Was der Mensch mit dem Pandemieausbruch zu tun hat
Die Virologin Eckerle verweist auch auf eine Mitschuld des Menschen beim Ausbruch so einer Pandemie. Eigentlich habe jeder Erreger und jeder Wirt seinen Platz im Ökosystem. "Wenn man das stört, kommt das System durcheinander. So kann sich ein Virus auf den Menschen übertragen."

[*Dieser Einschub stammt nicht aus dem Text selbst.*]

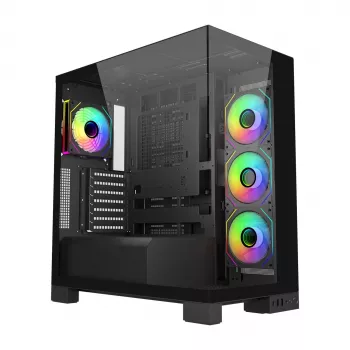 FSP M540-BA korpusas Midi Tower mITX, mATX, ATX (BTF) juodas, Midi Tower, PC, juoda, ATX, mikro ATX, Mini-ITX, stiklas, SPCC, žaidimams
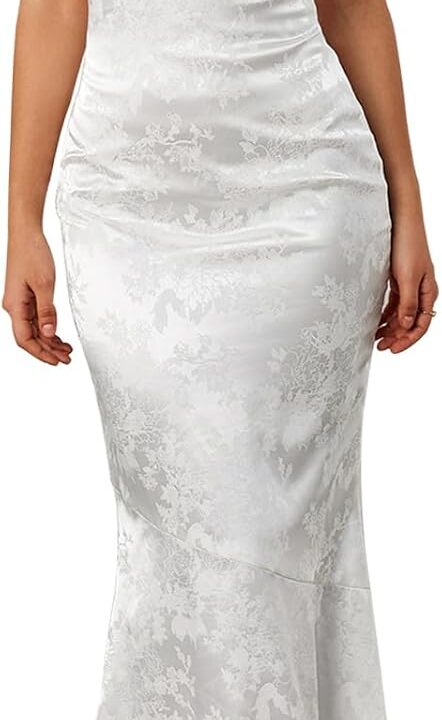 GLNEGE Women's Satin Bodycon Maxi Dress Elegant Formal Spaghetti Strap Cowl Neck Evening Party Dresses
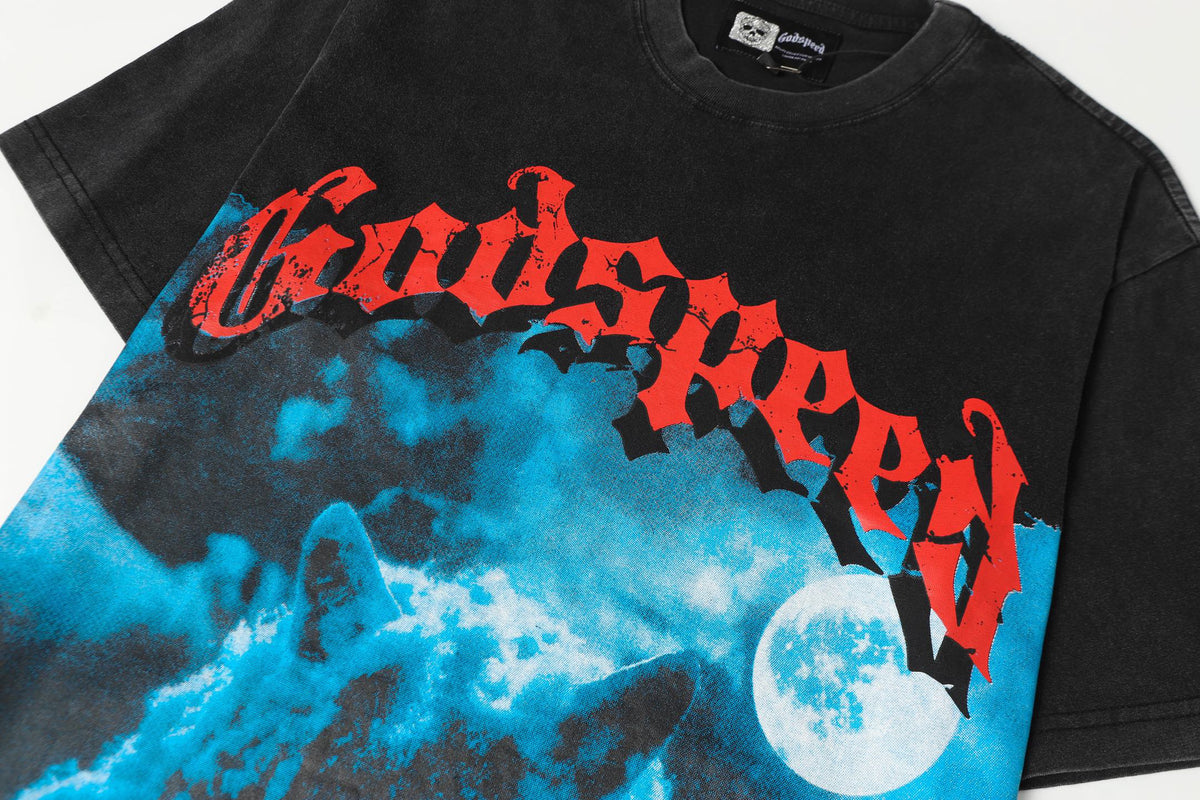Godspeed Howling Wolf Moon Vintage Washed Graphic Tee
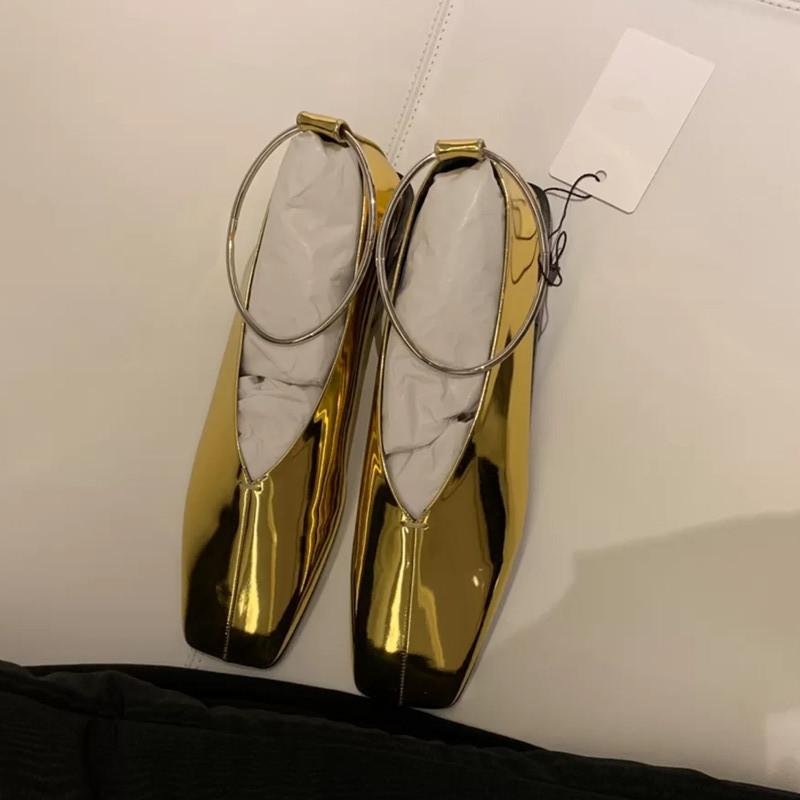 Single-Shoe Women'S Spring 2025 Golden Circular Square Toe Ballet Shoes Shallow Mouth Grandma Shoes Low Heels And Comfortable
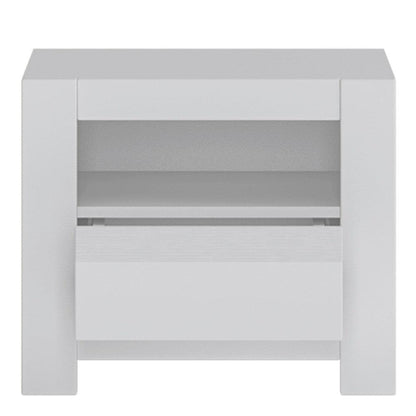 Novi 1 Drawer Bedside Table in Alpine White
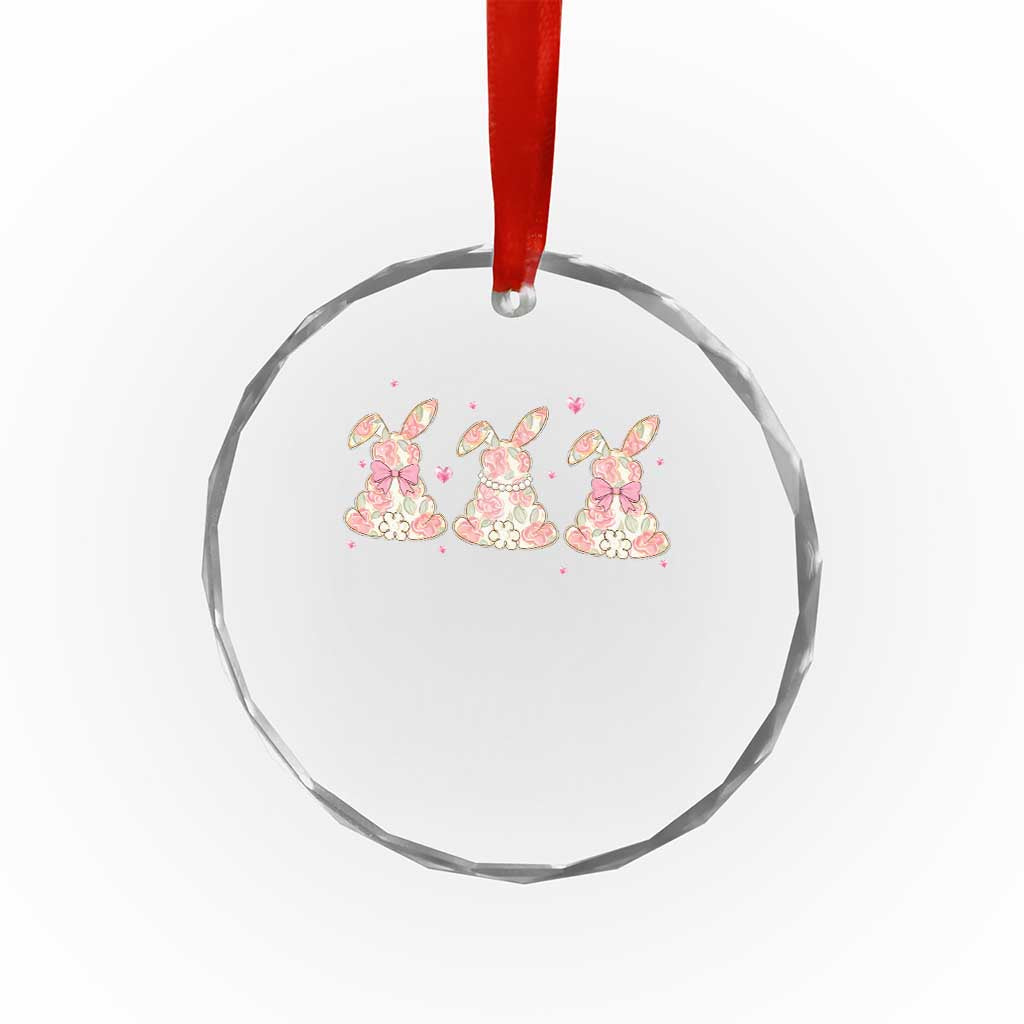 Floral Bunny Easter Crystal Glass Ornament Shabby Chic Rose Pattern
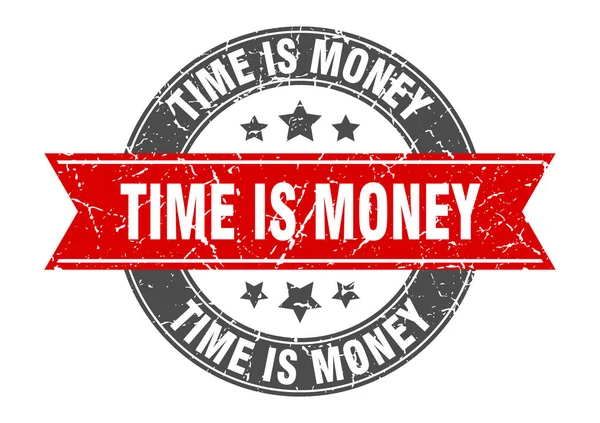 Час це грошова кругла марка з червоною стрічкою. час це гроші — стоковий вектор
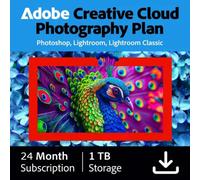 Adobe Creative Cloud Photography Plan - archiviazione cloud da 1 TB - 24 mesi/1 dispositivo - Multilingue (PC/Mac)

Es gebe einige Labore, auch das im chinesischen Wuhan, die schon lange an Sars- und Sars-verwandten Viren arbeiteten. "Schon 2015 wiesen sie in einer Publikation darauf hin, dass Personen in einer ländlichen Region in China Antikörper gegen ein neues, mit Sars verwandtes Virus haben. Und man hat dort in Höhlen Fledermausarten entdeckt, die verschiedene Sars-Varianten in sich trugen."
Man habe sozusagen alle Bausteine, die das erste Sars hatte, dort in den Fledermäusen gefunden, nicht das volle Virus, sondern einen Teil in der einen Fledermaus, den anderen Teil in der anderen Fledermaus. Das sei wie so ein Baukasten – je nachdem welches Tier von welchen Viren befallen wird, puzzele es sich zusammen und entwickele zufällig Eigenschaften, die auch den Sprung in eine andere Art ermöglichen können.
[Abonnenten von T+ können das Interview im Wortlaut hier lesen: Genfer Virologin warnt vor Leichtfertigkeit – „Das treibt mich in den Wahnsinn“]
"Wenn man die Fledermäuse da belässt, wo sie hingehören, passiert nichts. Dann gibt es keinen Druck, ihr Reservoir zu verlassen. Das beobachten wir zum Beispiel auch bei Ebola: Wenn man Regenwälder abholzt, steigt die Wahrscheinlichkeit eines Ausbruchs", betonte Eckerle. Ihre Schlussfolgerung für die Zukunft: "Wir müssen diese Ökosysteme erhalten. Wir sollten einfach nicht zu viel Kontakt mit Wildtierarten haben. Dazu gehört auch, dass man keine Nutztierfarmen in der Nähe solcher ungestörter Habitate baut."
Ein Risikofaktor, der beim ersten SARS-Ausbruch und vielleicht auch bei diesem Sars-Virus eine Rolle spiele, sei die Nutztierhaltung und die industrielle Tierhaltung für die Fleisch- oder Pelzproduktion.
"Es gibt bei den Erregern eine Variante, die bei Wildtieren vorkommt. In der Regel springt die nicht direkt von dem Tier auf den Menschen über, sondern braucht immer nochmal einen Zwischenwirt, der meistens näher mit dem Menschen in Kontakt ist – dieser funktioniert dann quasi wie eine Brutstätte. Zum Beispiel Tiere für die Pelzproduktion, über die dann der Sprung in den Menschen erfolgt."